Ein sequentieller Schaltkreis realisiert einen endlichen Automaten und besteht aus einem kombinatorischen Schaltkreis mit n Eingängen, m Ausgängen und k Speicherzellen, wobei k ≤ min {n, m} ist. k der n Eingänge des kombinatorischen Schaltkreises sind mit den Ausgängen der Speicherzellen und k der m Ausgänge des kombinatorischen Schaltkreises mit den Dateneingängen der Speicherzellen verbunden. In den Speicherzellen wird der jeweils aktuelle Zustand des Schaltkreises gespeichert. Die nicht mit den Speicherzellen verbundenen Eingänge des kombinatorischen Schaltkreises heißen primäre Eingänge des sequentiellen Schaltkreises; über sie werden die Eingabesymbole (endlicher Automat) eingegeben.
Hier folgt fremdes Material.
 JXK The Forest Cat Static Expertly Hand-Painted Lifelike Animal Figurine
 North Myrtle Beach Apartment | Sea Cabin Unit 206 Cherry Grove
Die nicht mit den Speicherzellen verbundenen Ausgänge des kombinatorischen Schaltkreises heißen primäre Ausgänge des sequentiellen Schaltkreises; über sie werden die Ausgabesymbole ausgegeben.
Die Kosten eines logischen Schaltkreises sind gegeben durch die Anzahl der Knoten im Graphen G, falls es sich um einen kombinatorischen Schaltkreis handelt. Bei sequentiellen Schaltkreisen kommen zu den Kosten des kombinatorischen Teils noch zusätzliche Kosten hinzu, die proportional zu der Anzahl der in dem Schaltkreis verwendeten Speicherzellen sind.
Von großer Bedeutung waren in der Vergangenheit und sind auch heute noch zweistufige kombinatorische Schaltkreise, sog. PLAs oder programmierbare logische Felder. In der Regel wertet ein zweistufiger kombinatorischer Schaltkreis in einer ersten Stufe parallel verschiedene Boolesche Monome aus; in der zweiten Stufe werden diese Werte über ein logisches ODER (OR-Funktion) zusammengefaßt.
Zweistufige kombinatorische Schaltkreise realisieren somit Boolesche Polynome und sind die Zieltechnologie der zweistufigen Logiksynthese. Logische Schaltkreise, die in diesem Sinne aus mehr als zwei Stufen aufgebaut sind, werden mehrstufige kombinatorische Schaltkreise genannt.